Чжу Ба-цзе шагнул вперед и с яростью наступил на издохшего скорпиона.
— Вот тебе, гадина!— с ненавистью произнес он. —Больше тебе не придется пускать в ход свое жало, которое валит коней с ног.
После этого Чжу Ба-цзе ударил скорпиона граблями и превратил его в бесформенный комок.
Тем временем властитель Плеяд превратился в золотистый луч, скользнул на облако и умчался. А Сунь У-кун вместе с Чжу Ба-цзе и Ша-сэном обратились лицом к небу и стали отбивать поклоны.
— Премного благодарны тебе за твою помощь, — кричали они хором, — настанет время, и мы обязательно отблагодарим тебя.
После этого они втроем собрали поклажу, привели в порядок коня и отправились в пещеру. Их встретили служанки, которые стояли на коленях по обе стороны от ворот и кланялись им в ноги:
— Благодетели вы наши! — вопили они. — Пожалейте нас, не губите! Ведь мы не оборотни, а простые смертные из государства Силян. Нас в свое время похитила злая чародейка и обратила в своих рабынь. Не беспокойтесь, ваш наставник жив и находится в заднем помещении, в ароматной опочивальне, где безутешно плачет!
Услышав эти слова, Сунь У-кун стал внимательно разглядывать девушек и убедился в том, что они действительно не оборотни. Затем он вошел во внутреннее помещение и позвал:
— Наставник!
Танский монах, увидев своих учеников, пришел в неописуемую радость.
— Сколько хлопот я вам доставил! — повторял он без конца. — А что сталось со здешней хозяйкой?
— Здешняя хозяйка оказалась огромным скорпионом-самкой. К счастью, бодисатва Гуаньинь явилась нам в образе старушки и сказала, кто может покорить эту ведьму. Старший брат Сунь У-кун помчался в небесные чертоги и попросил властителя Плеяд спуститься на землю и помочь нам. А я потом раздавил скорпиона своими граблями, и от него осталось мокрое место! Лишь после этого мы осмелились проникнуть сюда и вот, наконец, нашли тебя, дорогой наш наставник!

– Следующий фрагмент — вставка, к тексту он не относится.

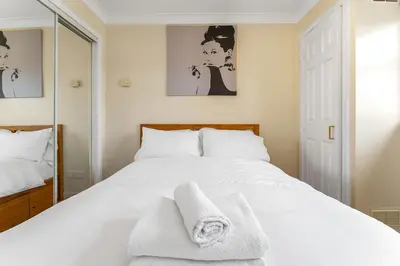 a bedroom with a white bed with towels on it at Modern 1BR flat - free parking + lift in Edinburgh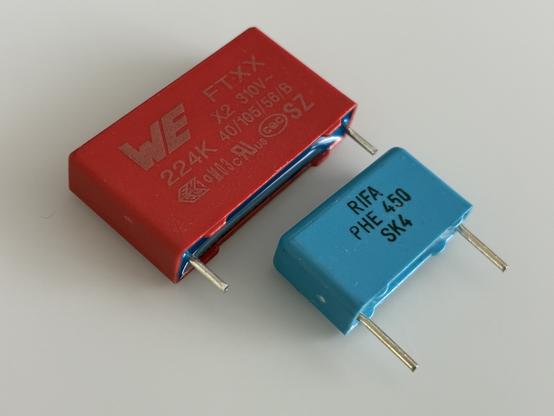 a large red Würth Electronics X2 capacitor and a smaller, blue RIFA capacitor.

Танский монах не переставал благодарить своих учеников за избавление. Затем они нашли в пещере рис и муку, приготовили пищу и плотно закусили. Они отпустили всех служанок, указав им путь в царство Силян, а после этого зажгли факел и спалили все, что было в пещере.
Наконец ученики подвели Танскому монаху коня, попросили его сесть верхом, отыскали дорогу, и все вместе отправились дальше на Запад.
Вот уж поистине:
Танский монах от соблазнов мирских отрешен,
Женские чары отверг и предал порицанью,
Также и золото. Для мудреца созерцанье
Было дороже всего, и ему посвятил себя он.
Неизвестно, сколько лет Танскому монаху пришлось скитаться, прежде чем его причислили к лику святых. О том, что с ним происходило в дальнейшем, вы узнаете из последующих глав.